What the task asks
Retype each line of the material exactly, please, skipping any picture in it.

Given material
╭──

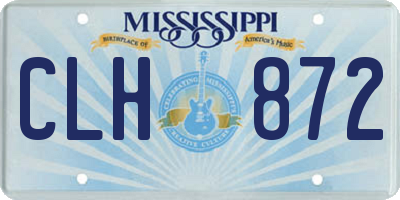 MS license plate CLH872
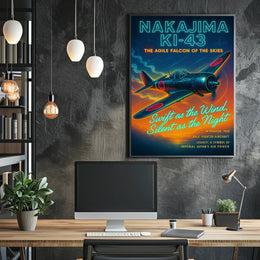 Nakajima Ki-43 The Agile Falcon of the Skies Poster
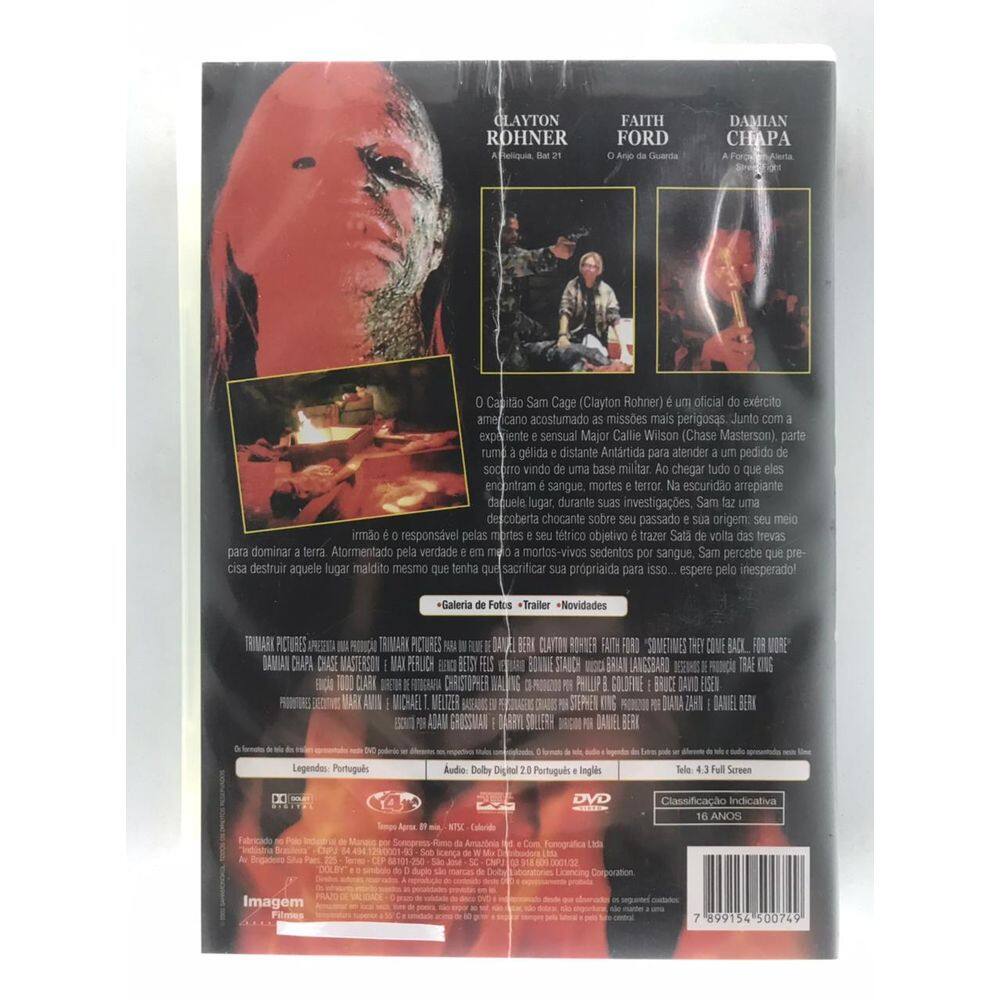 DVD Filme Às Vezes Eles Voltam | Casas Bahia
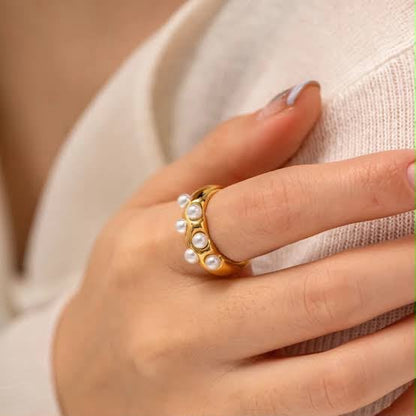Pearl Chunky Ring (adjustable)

╰──

Written solution
 MS license plate CLH872
 Nakajima Ki-43 The Agile Falcon of the Skies Poster
 DVD Filme Às Vezes Eles Voltam | Casas Bahia
Pearl Chunky Ring (adjustable)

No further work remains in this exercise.